Direct Service or Community Organizing?

March through Boston's Back Bay to demand full-time jobs. Photo by Amy West


Direct Service or Community Organizing? choosing a model for change

by Rachel Van Thyn

I originally hail from the world of direct service – getting into the trenches and getting my hands dirty, doing the work on the front lines. The results are immediate and you feel like change is possible because you see it every day.

But in a class offered to seminary students through Jewish Funds for Justice and the Center for Jewish Organizing, this year I was presented with a different model: community organizing. This involves a slower process of building social capital through taking on a set of one-to-one relational conversations, learning what makes a person tick, what they care about, and the issues upon which they are motivated to act. Once you have gathered multiple stories from various people (which can be done in a salon or house meeting), you figure out what issue people have in common and leverage it to enact change in the immediate community.
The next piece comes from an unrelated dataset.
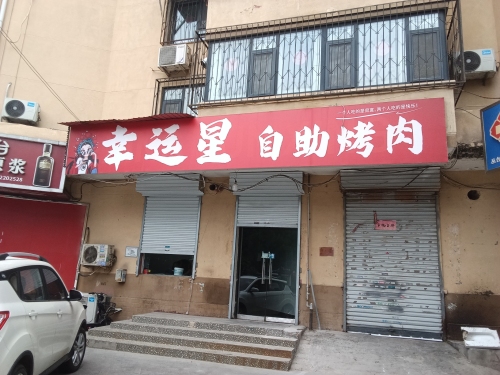 幸运星自助烤肉(四季青一号院店) 美食封面图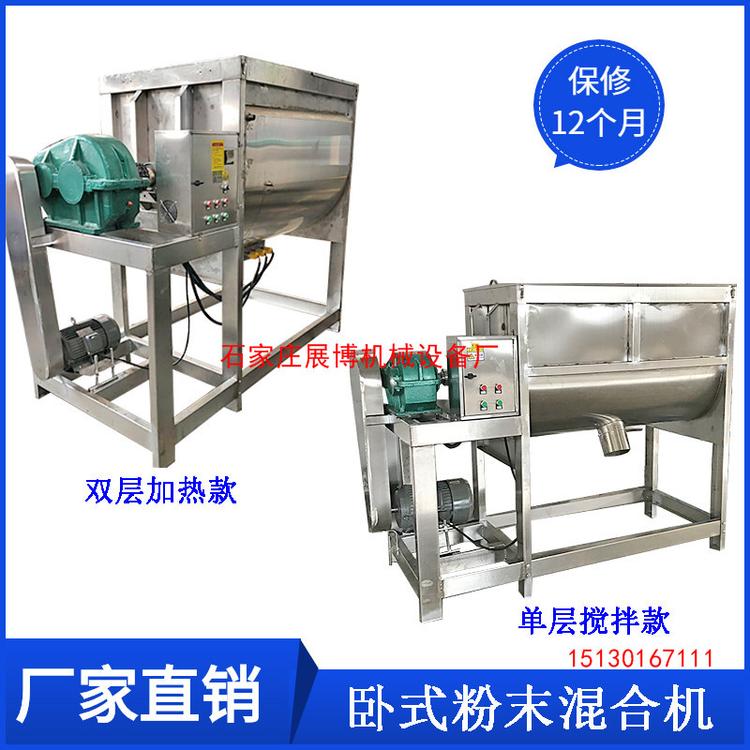 1吨不锈钢卧式搅拌机粉末混料机超细粉多功能拌料机卧式混合机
“While we do need to provide food to people who are hungry, providing that kind of direct service again and again does not actually challenge the root causes of poverty. We have to work for systemic change,” said Marilyn Sneiderman, executive director of AVODAH: The Jewish Service Corps, a one-year trans-denominational program for young Jews that involves anti-poverty direct service work, community building, and study. “You can’t address the causes without engaging and organizing those who are suffering from society’s inequities. By integrating service work and organizing for systemic change, we can help people move from poverty, hopelessness, and despair to become activists who seize control of and change their lives, their communities, and society.”

As far back as the Torah, we have stories and laws surrounding care for the widowed, the hungry, and the stranger in our midst. “There has always been hunger and homelessness, and there is a long history of people who have dedicated themselves to serving the poor, and others who have fought against injustice… Core religious values inspired and guided their actions,” Sneiderman said.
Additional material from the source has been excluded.